The share price of dividend-paying supermarket operator Woolworths Group Ltd (ASX: WOW) has underperformed the broader S&P/ASX 200 Index (ASX: XJO) so far this year.

The stock has dumped around 13% since the start of 2022, while the ASX 200 has slumped 8%. Right now, the Woolworths share price is trading at $33.48.

Could its recent downturn make Woolworths shares a dividend buy? Let's see what experts think.

Well, that depends on who you ask.

Top brokers Goldman Sachs and Citi are both bullish on the stock, despite being disappointed by its recent first-quarter earnings.

Woolworths posted a 1.8% increase in group sales for the three months ended 30 September, coming in at around $16.4 billion.

Its key Australian and New Zealand food businesses underperformed despite inflationary effects.
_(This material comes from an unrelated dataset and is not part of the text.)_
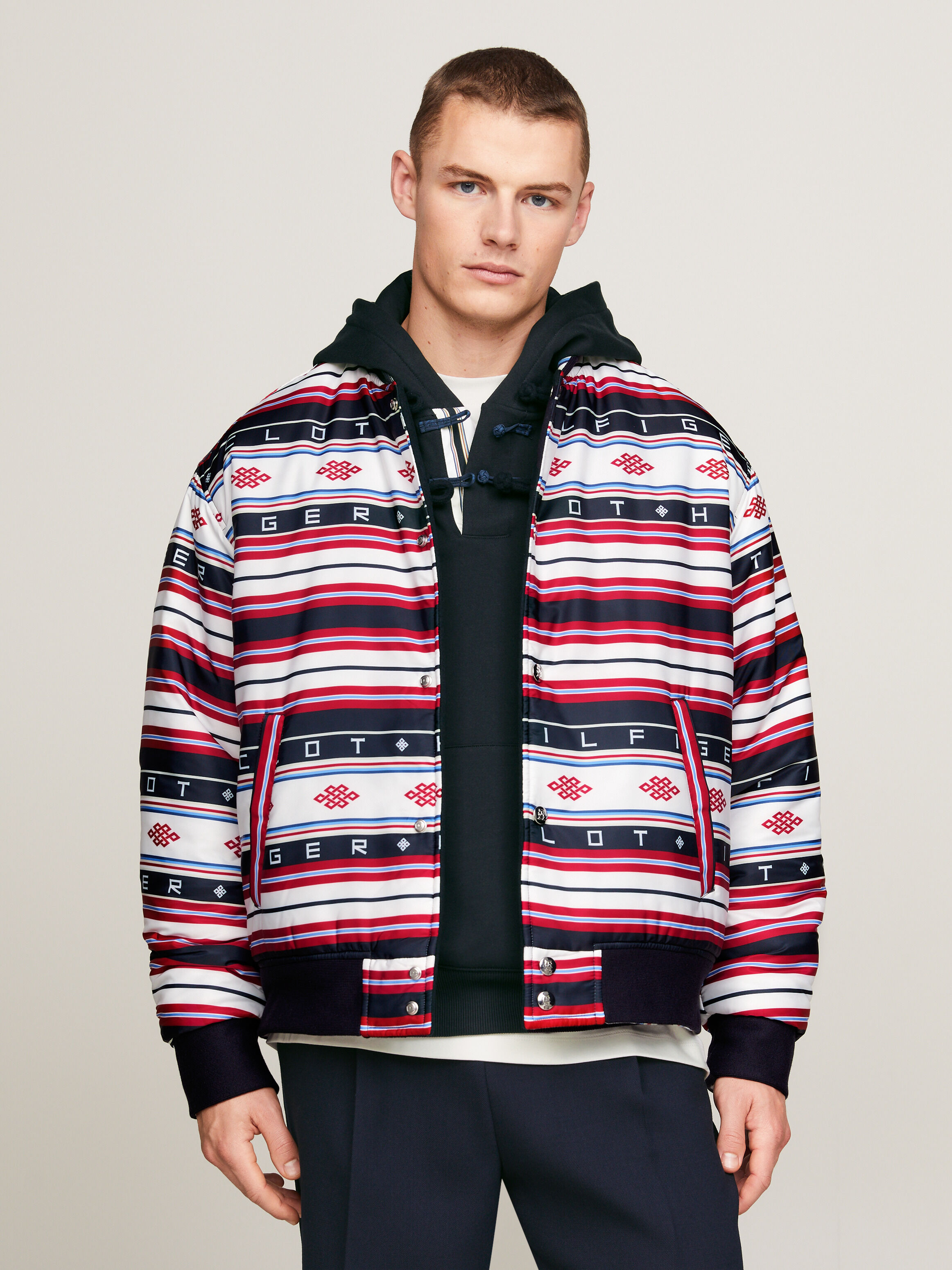 Tommy hilfiger 4 in 1 jacket sale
Though, their slump was offset by growth in the company's Big W and business-to-business sectors.

Goldman Sachs commented:

Despite a noisy and softer [first quarter], we remain confident that [Woolworths] is the superior operator within [Australian] supermarkets.

Both Goldman Sachs and Citi trimmed their price targets for Woolworths shares on the back of the update, reducing them to $41.70 and $39.50 respectively, my Fool colleague James reports. Though, that still represents a potential upside of 18% to 24%.

Comparatively, Morgans is decidedly more bearish.

The broker dropped its price target on the stock to $34.10 and retained its hold rating on the back of the supermarket giant's recent release. It said:

[W]e continue to see the stock as fully valued and continue to prefer Coles Group Ltd (ASX: COL) in the Staples sector.

Speaking of Coles, its dividends far surpass those offered by its larger peer. It's currently trading with a dividend yield of 3.8%, having handed investors 63 cents per share in dividends in financial year 2022.

That's superior to the 2.7% yield currently on offer from Woolworths shares. It paid out 92 cents per share in dividends last financial year.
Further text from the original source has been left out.